Il y a un an, la bande de Gaza passée aux mains des extrémistes religieux du Hamas a été envahie en partie et bombardée par Tsahal (qui s’est ensuite retirée). La « paix » est revenue, mais ce mini-territoire est surveillé en permanence par terre et par mer (les pêcheurs palestiniens ne peuvent plus poser leurs filets). Abbas, le technocrate de l’O.L.P. (Organisation de Libération de la Palestine), n’a plus rien à négocier et laisse la chaise vide. C’en est fini de l’image du guerrier Arafat et de son Keffieh ! Derrière leur Mur pharaonique, les autorités extrémistes d’Israël doivent donc gérer vaille que vaille la situation avec le Hamas. Du côté de la frontière avec l’Egypte, cette organisation s’efforce de contrôler des tunnels par où transitent toutes sortes de marchandises.
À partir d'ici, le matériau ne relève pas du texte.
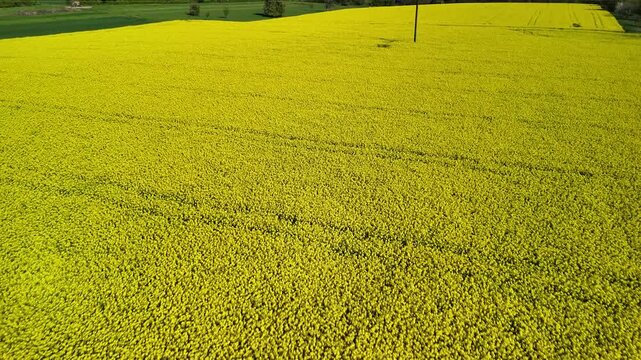 Aerial View of Vibrant Yellow Rapeseed Field with Tractor Tracks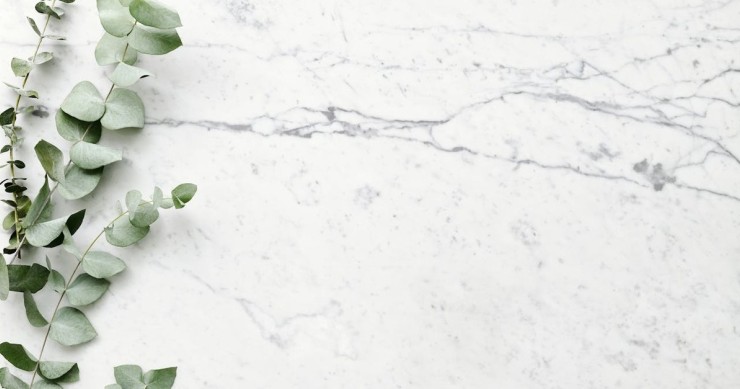 Il marmo bianco di Carrara con venature più scure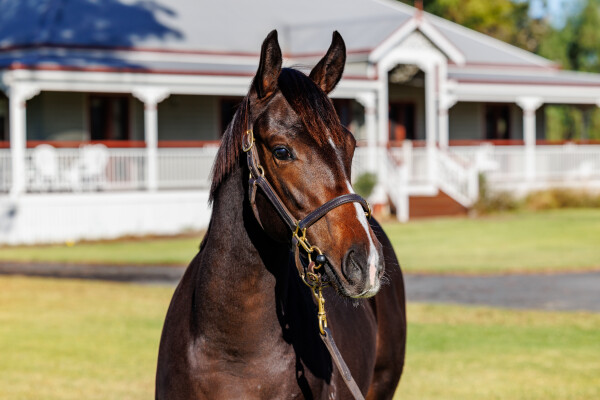 Lot 147: So You Think (NZ) / Agent Pippa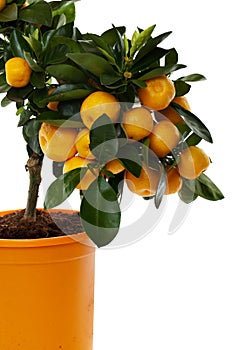 Orange tree against white background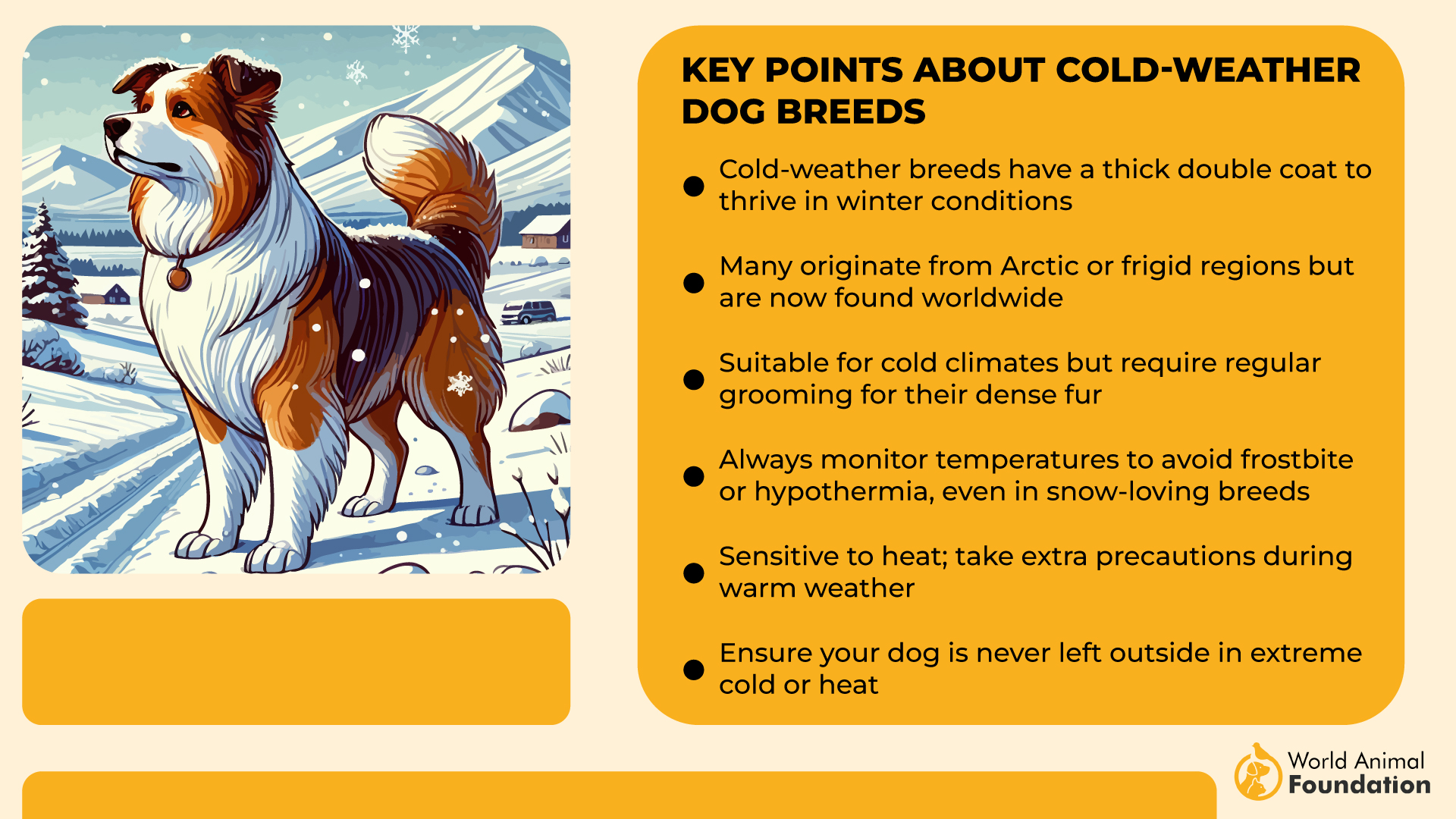 Key Points About Cold-Weather Dog Breeds-01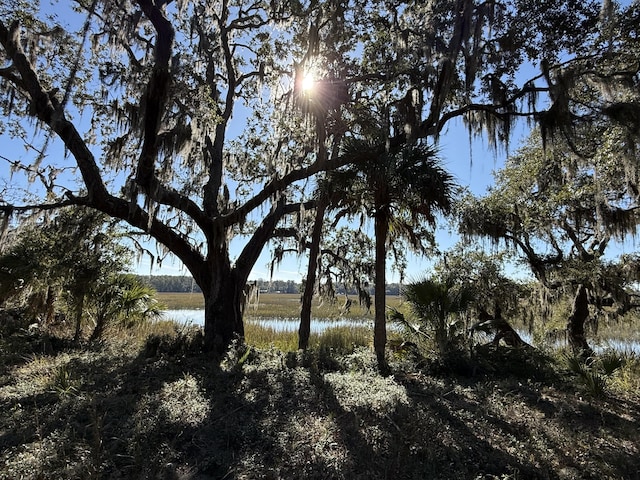 8341 Crooked Creek Ln, Edisto Island SC, 29438 land for sale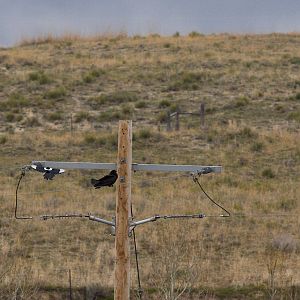 Magpie_raven_X5118138_05-11-2019-001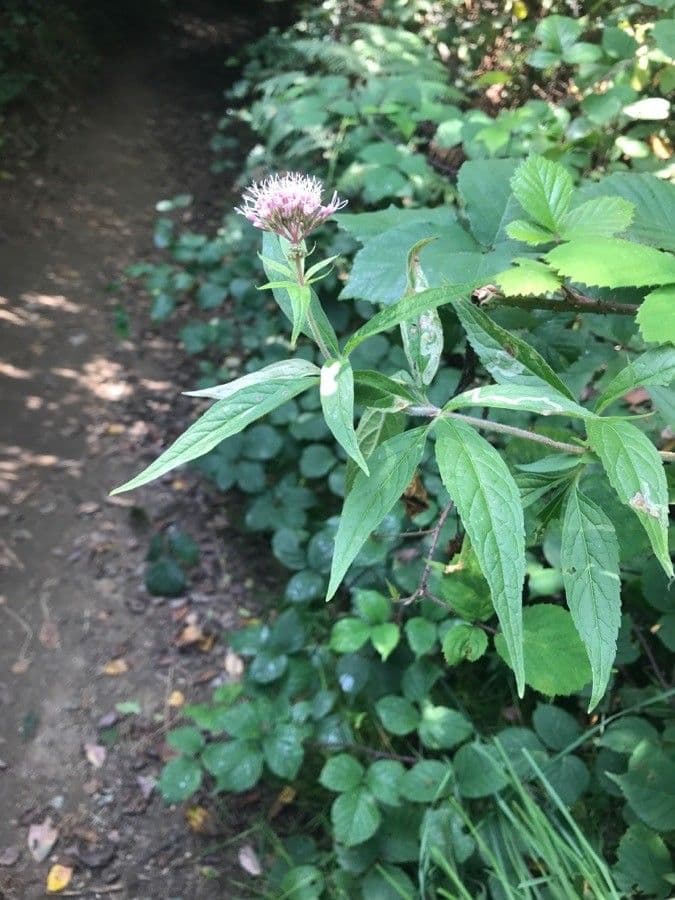 Eupatorio 30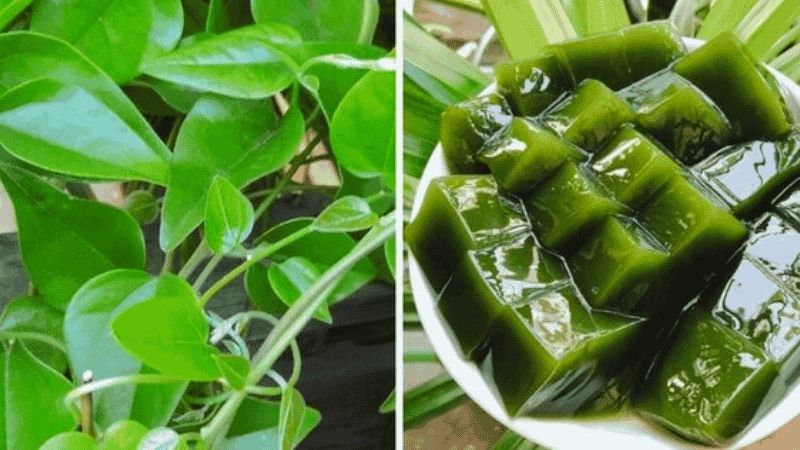 Sương sâm chứa nhiều hoạt chất như alkaloid, polysaccharide, polyphenol, axit béo và khoáng chất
Les pays arabes sont profondément divisés et se désintéressent progressivement du sort des palestiniens. Tous, du Machrek au Maghreb, sont dirigés, avec l’appui des États-Unis, par des autocrates plus corrompus les uns que les autres du fait de leur manne pétrolière et financière (mais l’endettement les guette à l’exemple de la faillite de l’Emirat de Dubaï). Héritier d’une paix séparée avec Israël, conçue par Sadate avec Begin, l’égyptien Moubarak au pouvoir depuis quarante ans en est le symbole le plus criant. En quoi peut-il se soucier d’une « identité nationale » palestinienne ? Sa police contrôle les tentatives de passage des travailleurs de Gaza par un réseau de souterrains vers l’Egypte. Un point, c’est tout.

Au Liban, les milices chrétiennes pro-israéliennes ont commis des massacres dans les camps de réfugiés palestiniens (ainsi, ceux commis dans les camps de Sabra et de Chatila en 1982 !). Auparavant, à Aman, le roi Hussein de Jordanie avait orchestré la tuerie de « Septembre noir » contre les feddayins de l’O.L.P., pour empêcher la jonction entre les palestiniens de son royaume et ceux de Cisjordanie. Il avait marqué en lettres de sang les limites arabes d’un État palestinien. Réfugiés à Beyrouth, face à l’offensive de Tsahal, l’O.L.P. d’Arafat avait dû fuir en bateaux et se réfugier en Tunisie. Quant à la Syrie, elle se trouve des points communs avec Israël, dans sa préoccupation vis-à-vis des ambitions de l’Iran. En effet, la République islamique (de Khomeiny à Ahmadinejab), héritière des intérêts de l’empire perse (que le Shah avait ravivés), menace de faire parler le feu nucléaire. En tout cas, elle fait monter les enchères non seulement par rapport aux États-Unis mais aussi vis-à-vis des pays du Golfe et de l’Arabie Saoudite au premier chef.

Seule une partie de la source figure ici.